Problem | This calls for a verbatim copy of all the data, with no images carried over.

Source data |

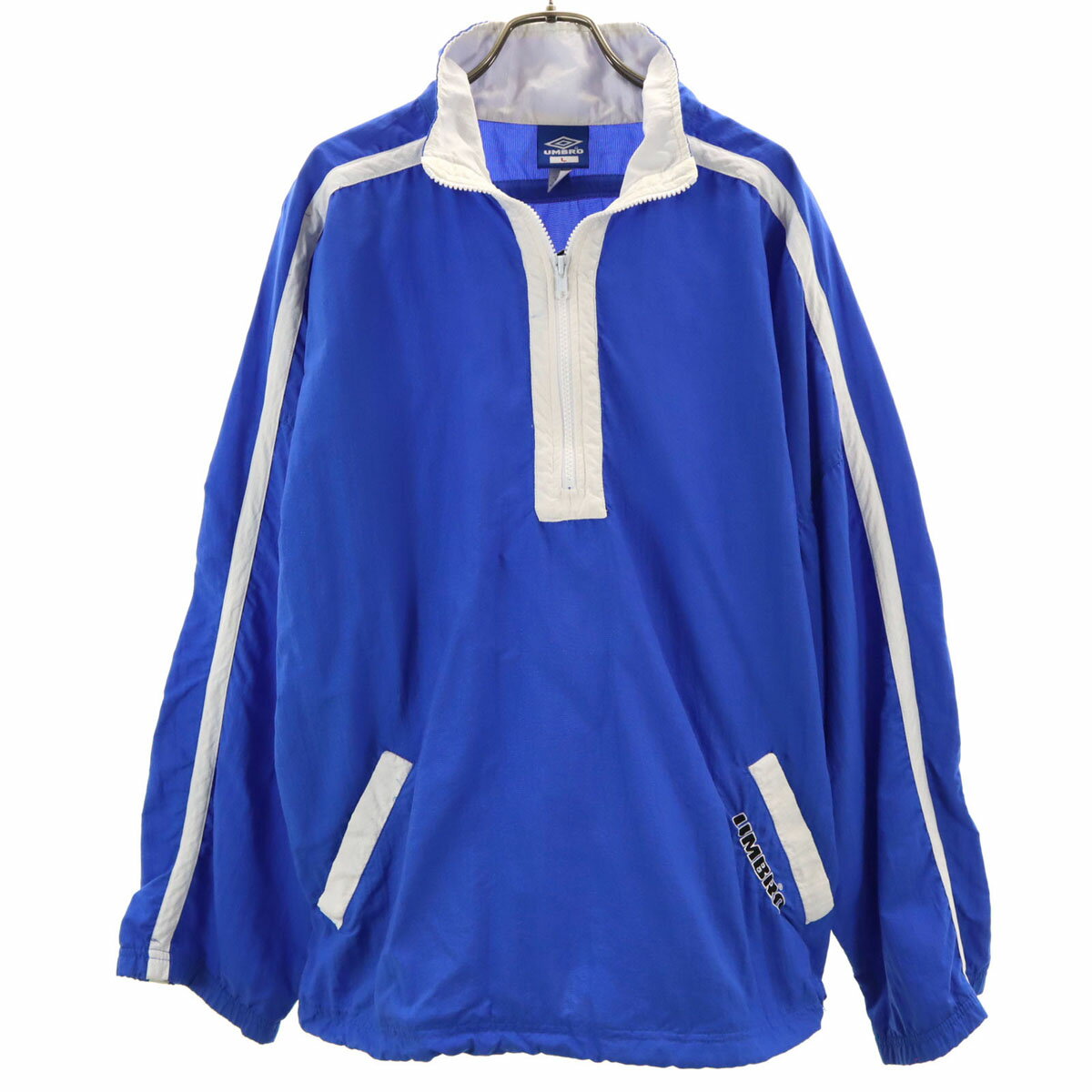 楽天市場】Umbro 古着 90sの通販 楽天市場】Umbro 古着 90sの通販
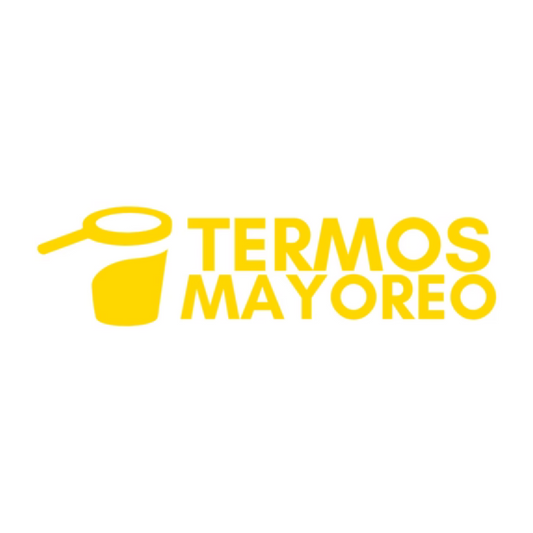 Termos Mayoreo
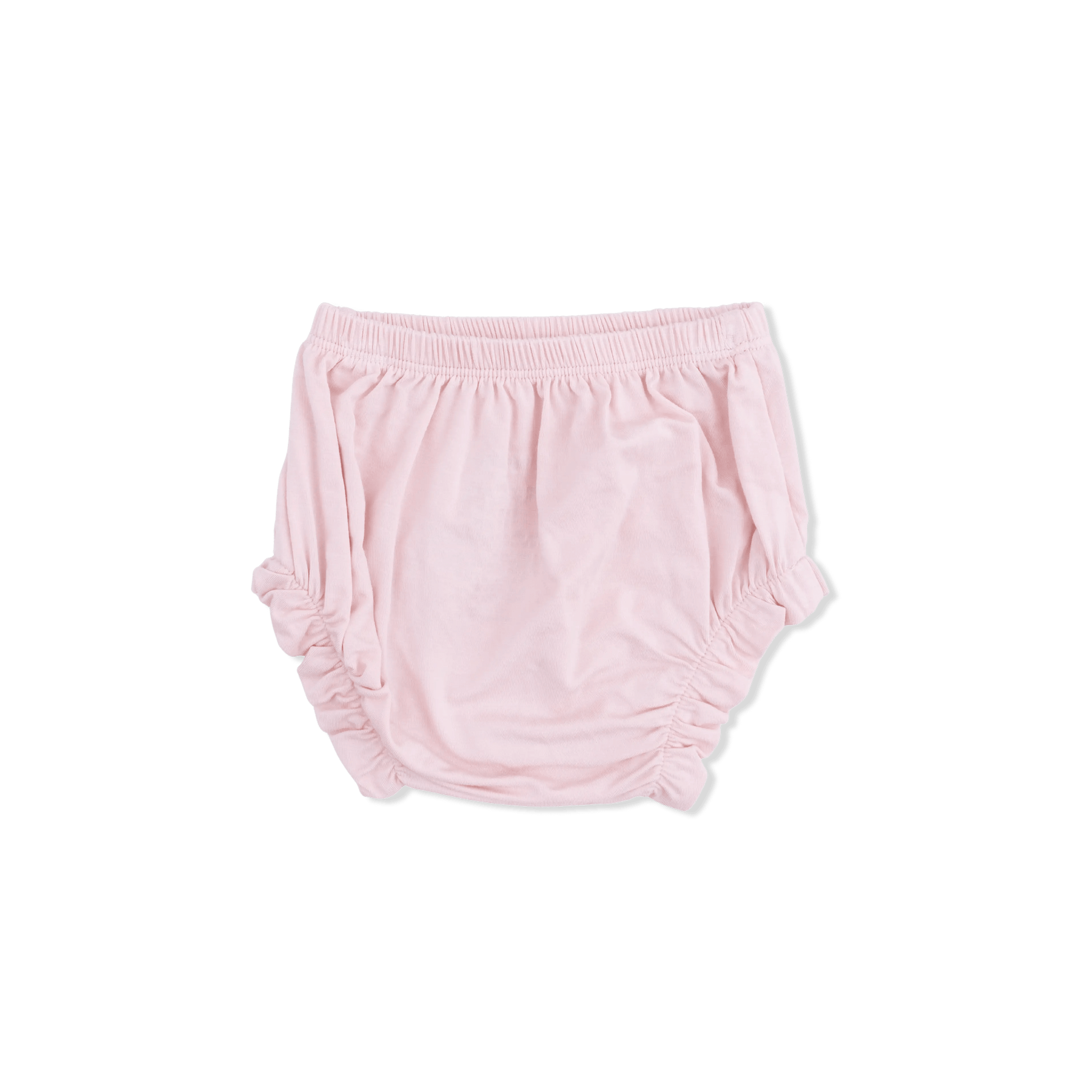 Angel Dear Dainty Buds and Bows - Smocked Dress Set and Headband - 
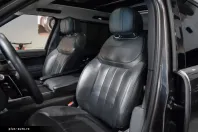 Land Rover Range Rover din 2023 cu 44.900 km - oferta LAN170997 - foto 7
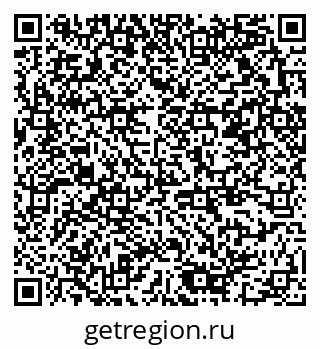 79378151285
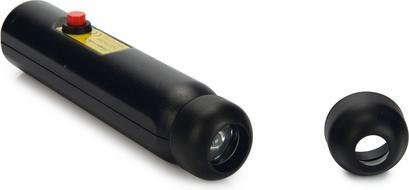 Olba Sl-Pl shear lamp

Output of the exercise |
 楽天市場】Umbro 古着 90sの通販 楽天市場】Umbro 古着 90sの通販
 Termos Mayoreo
 Angel Dear Dainty Buds and Bows - Smocked Dress Set and Headband - 
 Land Rover Range Rover din 2023 cu 44.900 km - oferta LAN170997 - foto 7
 79378151285
 Olba Sl-Pl shear lamp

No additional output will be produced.